Ella Baker, the woman in the shadows, was the guide for leaders throughout the Civil Rights Movement.

Camille Jones, MHS Media Editor

Ella Baker was born in Norfolk, Virginia on December 13, 1903. Her belief in social justice grew as she heard the stories of her grandmother who was a former slave. It was her grandmother’s resilience that inspired her to continue to fight.

Baker began her journey early on as she challenged the policies within the college that she attended. After graduating as the valedictorian, she moved to New York City to begin joining activist organizations.

Shortly after moving she joined the Young Negroes Cooperative League. This league was made to develop economic power for African Americans.

In 1940, Baker began to work with the National Association for the Advancement of Colored People (NAACP) as the secretary and then becoming the director of branches from 1943-1946.

The 1955 Montgomery Bus Boycott inspired her so much that she decided to co-found the organization (with the same name) to fight the Jim Crow Laws of the South.

Baker moved to Atlanta in 1957 to help Martin Luther King Jr. with his Southern Christian Leadership Conference (SCLC).

In February of 1960, a group of black students from North Carolina Agricultural and Technical State University refused to leave a sit-down diner in Greensboro, North Carolina.

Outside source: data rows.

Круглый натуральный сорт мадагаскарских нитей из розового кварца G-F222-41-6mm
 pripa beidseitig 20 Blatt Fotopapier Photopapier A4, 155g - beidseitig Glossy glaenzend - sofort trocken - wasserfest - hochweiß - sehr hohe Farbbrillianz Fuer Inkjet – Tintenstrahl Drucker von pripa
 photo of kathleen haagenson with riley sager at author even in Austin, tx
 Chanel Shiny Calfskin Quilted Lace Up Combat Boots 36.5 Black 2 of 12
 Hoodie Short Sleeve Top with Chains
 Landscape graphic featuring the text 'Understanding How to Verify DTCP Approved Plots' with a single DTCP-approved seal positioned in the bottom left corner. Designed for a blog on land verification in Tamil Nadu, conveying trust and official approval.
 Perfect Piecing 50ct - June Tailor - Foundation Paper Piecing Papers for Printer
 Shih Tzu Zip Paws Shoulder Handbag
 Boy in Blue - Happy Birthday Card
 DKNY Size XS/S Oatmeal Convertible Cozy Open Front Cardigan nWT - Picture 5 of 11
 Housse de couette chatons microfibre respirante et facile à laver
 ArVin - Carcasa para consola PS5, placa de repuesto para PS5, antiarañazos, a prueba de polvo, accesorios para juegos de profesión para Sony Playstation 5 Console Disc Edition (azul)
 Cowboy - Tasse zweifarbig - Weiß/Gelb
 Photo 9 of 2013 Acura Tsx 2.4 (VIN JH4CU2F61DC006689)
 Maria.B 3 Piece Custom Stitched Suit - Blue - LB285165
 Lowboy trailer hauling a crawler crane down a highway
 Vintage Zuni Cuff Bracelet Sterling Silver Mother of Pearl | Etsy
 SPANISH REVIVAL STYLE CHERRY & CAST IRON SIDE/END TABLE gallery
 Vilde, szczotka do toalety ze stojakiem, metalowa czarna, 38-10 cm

After that occurred, Baker left the SCLC to assist those students by scheduling a meeting for them at Shaw University. This meeting sparked the beginning of the Student Nonviolent Coordinating Committee (SNCC).

The SNCC worked with the Congress of Racial Equality. These organizations helped organize the Freedom Rides of 1961.

The SNCC also created “Freedom Summer” to help bring attention to the crisis of racism within Mississippi and help African Americans with the process of registering to vote.

According to The Ella Baker Center, voting was important to Ms. Baker as, “voting was one key to freedom.”  During this time, voting was seen as one of the only ways for African Americans to make their voices heard.

Ms. Baker was an influential leader throughout the civil rights movement until her death on December 13, 1986, her 83rd birthday.

You can carry on Ms. Baker’s legacy by pushing for change throughout our society and joining The Ella Baker Center for Human Rights.